Friday, April 1, 2011

Crimes and Misdemeanors



The third and last Woody Allen film I watched over the weekend. Crimes and Misdemeanors is the first film of his I've seen that you could reasonably call a drama more than a comedy, although there's still funny moments, usually involving Allen's character butting heads with Alan Alda's. But considering that a murder is central to one of the main two character arcs in the story, calling it a drama certainly seems fair. The film is fairly neatly divided between two threads. In one, Allen plays a documentary filmmaker in a loveless marriage, who is given an opportunity to do a profile on his hot shot producer brother in law played by Alda, and then becomes his romantic rival after meeting an associate producer played by Mia Farrow. In the other, Martin Landau plays a successful eye doctor who has to deal with an increasingly intrusive mistress played by Anjelica Huston. The two threads barely bump up against each other until the end, when the two leads meet at a wedding and share a quiet moment.

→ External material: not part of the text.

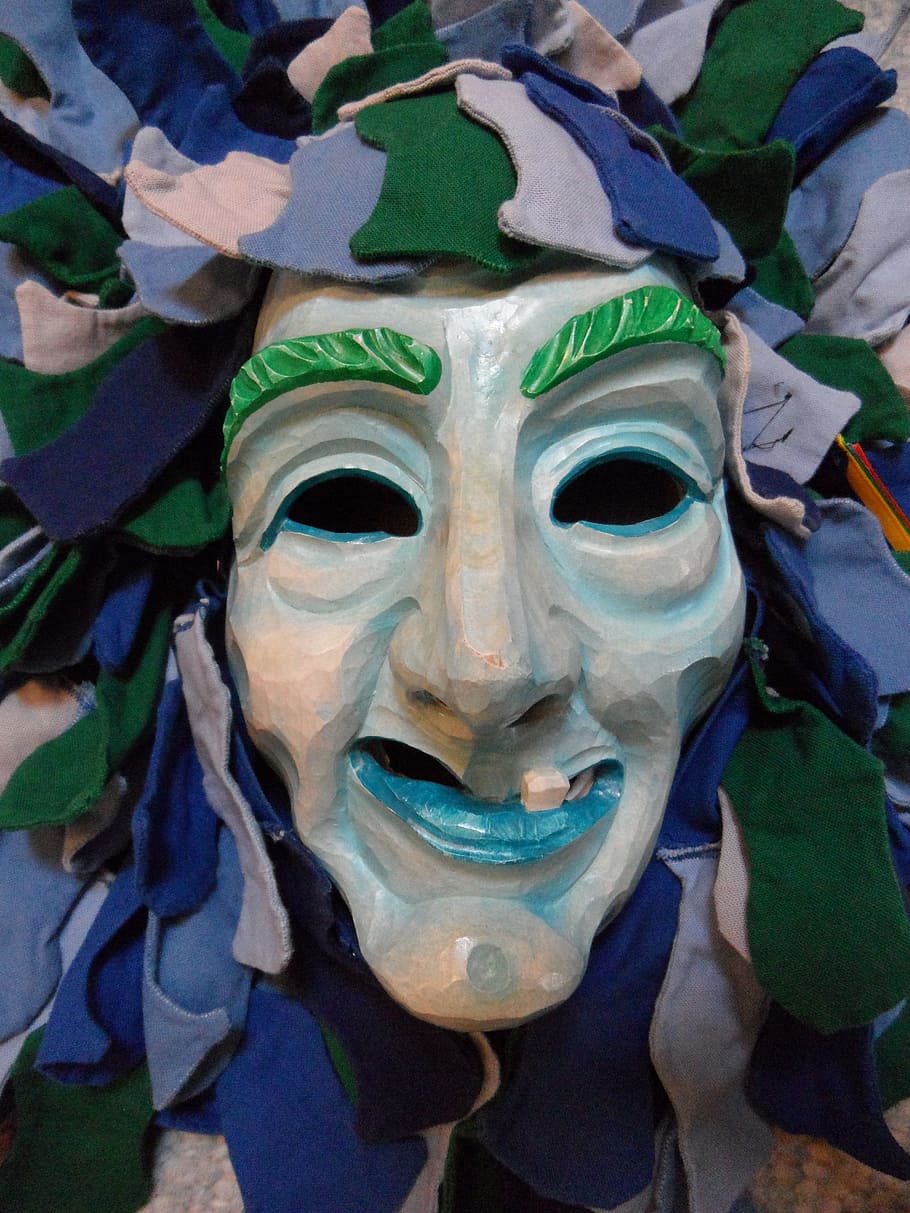 mask, face, costume, mysterious, carved, haes, figure, fasnet, carnival, fools jump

The film is certainly different than what I'm used to seeing from Allen, and while it didn't totally work for me, I admired a lot about it. The cast is pretty terrific as always, and I appreciated the attempt at some genuinely dark material without a hint of a humorous motive. This is also the second Allen film this week to take an idea from an Ingmar Bergman film, and he's not a bad person to pay tribute to. Alda's character is pretty much the perfect smug bastard, refusing to take no for an answer and carrying a tape recorder around with him to track every little idea he has for the next big hit. The relationships on display have the appropriate mixture of sweetness and melancholy, and there are a few inspired moments. I felt like a few of its concepts got in the way of creating a more genuinely entertaining movie though, and Allen isn't quite a master of suspense when it comes to the darker stuff, or at least he wasn't yet. Still a perfectly fine film, and it was cool seeing him try something different.